Investing for short-term consumption goals

      

Planning for financial independence or retirement

      Saving and investing money can make you feel good and in control. Ultimately, most folks are investing money to accomplish particular goals. Saving and investing for a car purchase, expenses for higher education, a home purchase, new furniture, or a vacation are typical short-term goals. You can also invest toward longer-term goals, such as your financial independence or retirement decades in the future.

      This chapter discusses how you can use investments to accomplish common shorter- and longer-term goals.

      Unless you earn really big bucks or expect to have a large family inheritance to tap, your personal and financial desires will probably outstrip your resources. Thus, you must prioritize your goals.

      This section discusses common “shorter-term” financial goals — such as establishing an emergency reserve, making major purchases, owning a home, and starting a small business — and how to work toward them. Accomplishing such goals almost always requires saving money.

      Accumulating a rainy-day fund

      The future is unpredictable. Take the uncertainty simply surrounding your job: You could lose your job, or you may want to leave it.

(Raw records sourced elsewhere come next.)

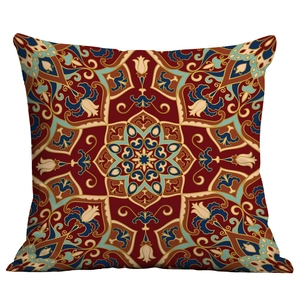 Close-up of mandala patterns and floral textures on ethnic geometric throw pillow cover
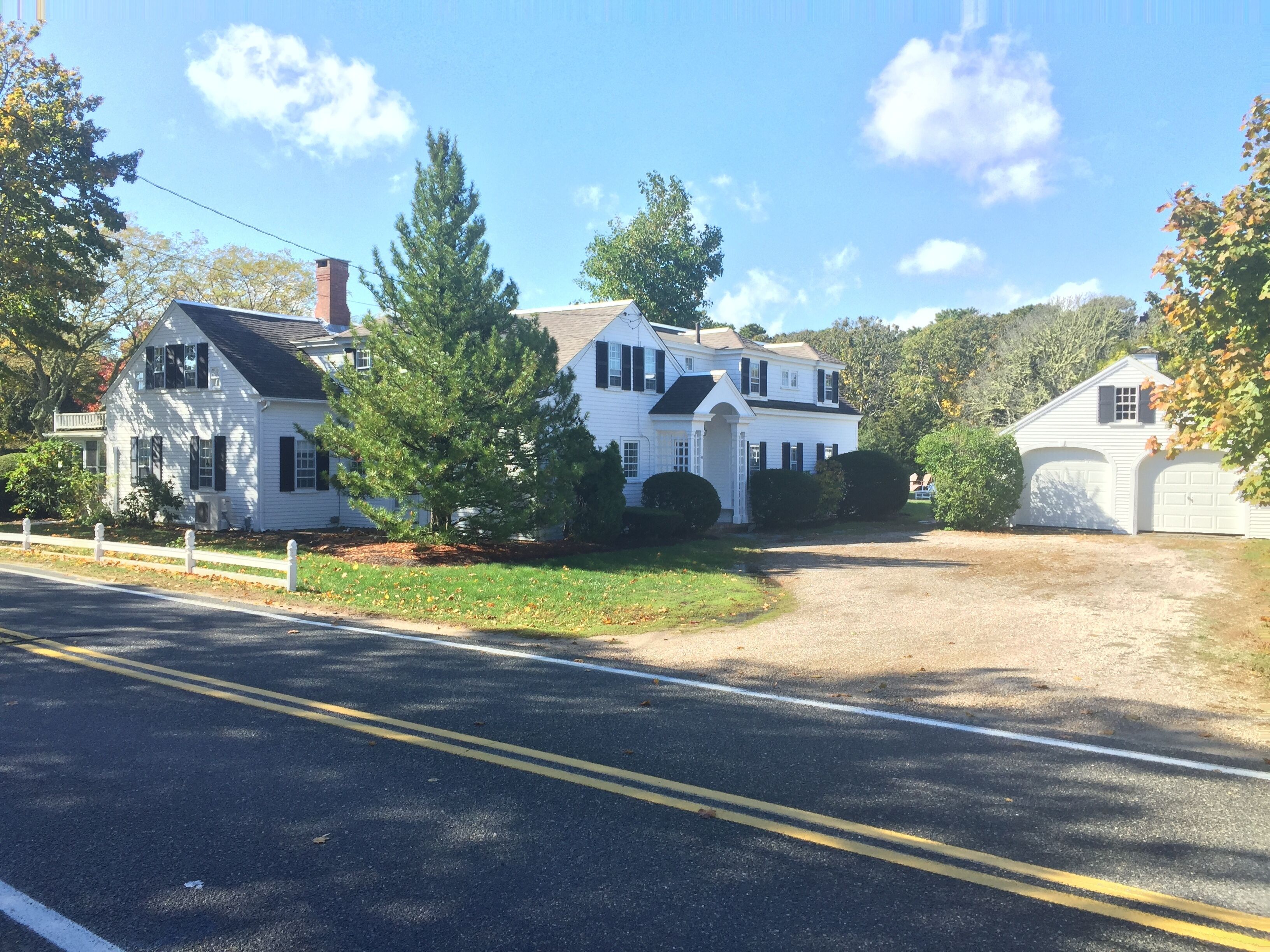 A two-story white house with a front porch, a garage, and a driveway.
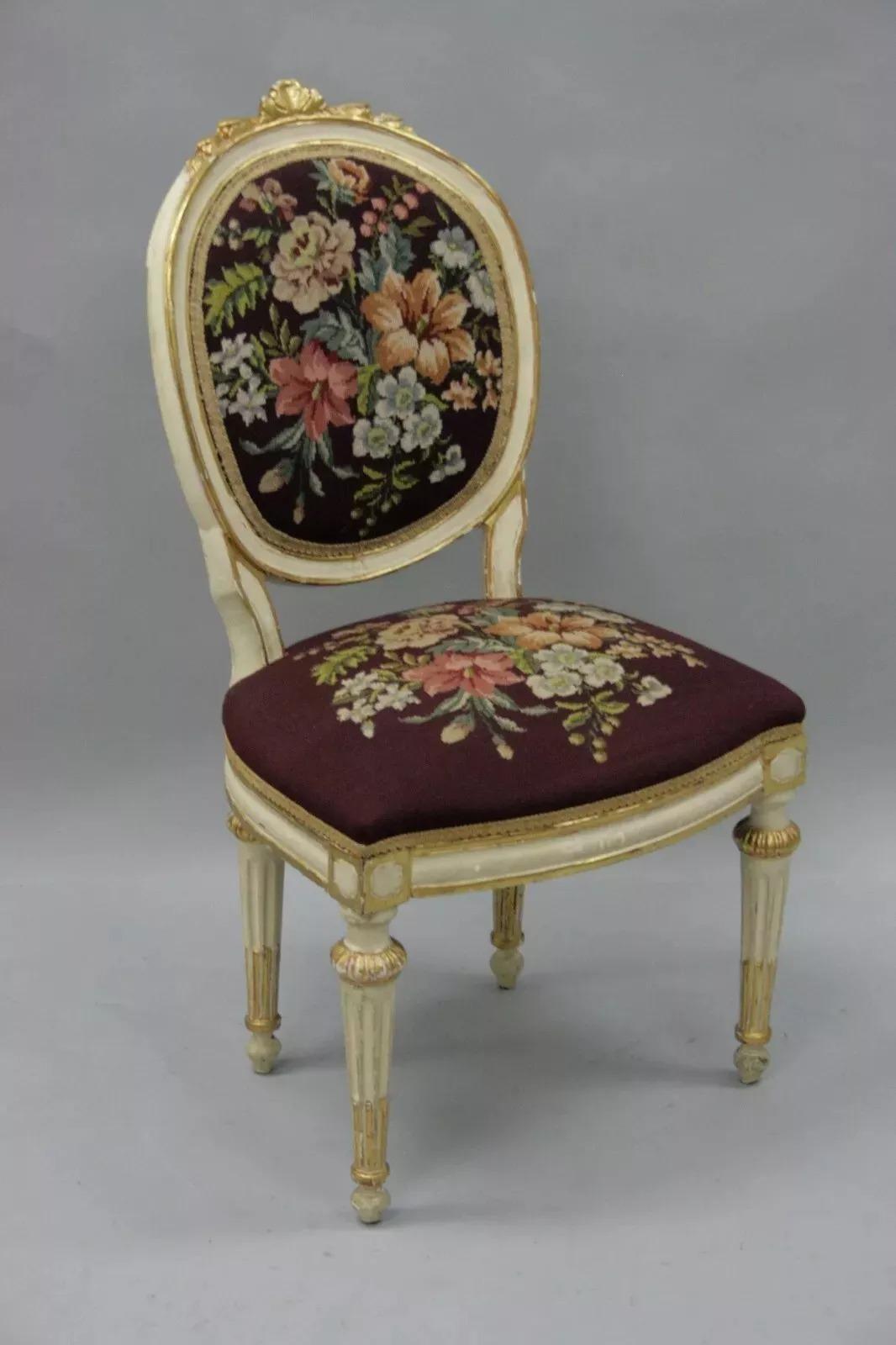 Antique French Louis XVI Style Carved Floral Needlepoint Accent Chair White Gold. Item features floral carving, Oval back, Fluted column form legs, Floral needlepoint seat and back, Burgundy upholstery, White and gold painted frame. Circa Mid 20th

      Consider what happened in 2020 with the COVID-19 pandemic and the unexpected and lengthy government-mandated shutdowns in some parts of the country, which led to large layoffs in particular industries like restaurants, retail, and travel-related businesses. While the 2020 recession was unusual in many respects, recessions aren’t unusual, and even when the overall economy is growing, some employers let employees go. Suppose an elderly relative, for example, needs some assistance for a period of time? You don’t need to be negative or a pessimist, but problems happen, and sometimes financial downsides can come with them.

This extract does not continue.